Quienes nos formamos leyendo a Vargas Llosa admiramos dos aspectos cruciales que cimentan la importancia de todo escritor, al menos desde que el mundo fue transformado por el ideario de la Ilustración: poética y función. Me explico. En primer lugar está el contador de historias, el narrador propiamente tal. Vargas Llosa introduce en la temática, o en lo que podríamos llamar "la materia" latinoamericana, las técnicas de la novela moderna europea, básicamente las que se derivan de la novela anglosajona: desde Joyce a Faulkner y Dos Passos; sobre todo los dos últimos. De ellos viene la noción de montaje narrativo, esto es de sucesión de planos temporales diferentes, con una clara influencia de las técnicas narrativas cinematográficas aplicadas a la novela (el cine, hijo de la literatura, comienza a nutrir así a la novela), estos planos temporales suponen también planos espaciales y narradores diferentes. A ello se agrega la incorporación del dialoguismo y, por lo tanto, de la lengua oral: tanto Conversación en La Catedral -como su título indica- como La casa verde , son vastos entramados de diálogos, el narrador tradicional se eclipsa, así, para dejar la palabra a los personajes. Tiempo y lenguaje -tal como el propio Vargas Llosa ha escrito- son las dos vigas maestras de la novela. En este caso: tiempo no líneal, "montado" cinematográficamente, y lengua hablada. Vargas Llosa, con Borges, con Onetti, con Cortázar, despojan a la narrativa latinoamericana de su carga de exotismo folclórico; su narrativa es tan "moderna" como la que se escribe en Francia o en el Reino Unido.
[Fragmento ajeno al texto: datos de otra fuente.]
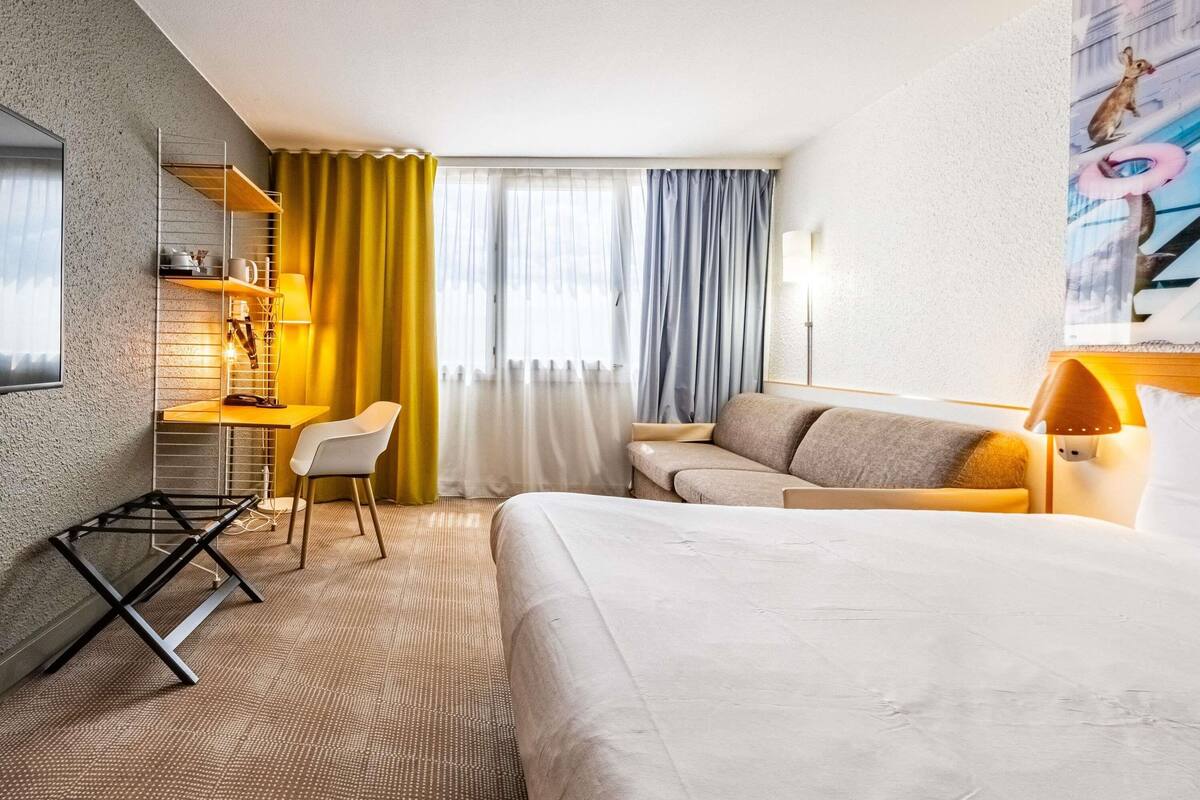 A hotel room with a bed, a desk, a chair, a sofa, and a window with curtains.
El segundo aspecto crucial es aquello que se conoce como la función del escritor. Vargas Llosa ha sido "un intelectual orientado hacia el presente", como define Foucault al intelectual moderno. No era fácil, en los años sesenta, tomar partido contra el régimen de Castro, cuando en Europa y América Latina se cerraban filas como un solo hombre tras la revolución cubana. Tampoco era fácil declarar, en los estudios de Televisa y en las narices del propio Octavio Paz, que México era la dictadura perfecta. Intelectual de raigambre sartreana -mucho más de lo que él mismo quizá esté dispuesto a admitir-, Vargas Llosa ha ocupado la posición del escritor crítico del poder, pues sin duda supo, como dice Barthes, que el escritor es aquel que está donde no se lo espera. Y desde la crítica del poder se labró, más que ningún otro de sus contemporáneos, una posición de poder. Una posición, diríamos, regia.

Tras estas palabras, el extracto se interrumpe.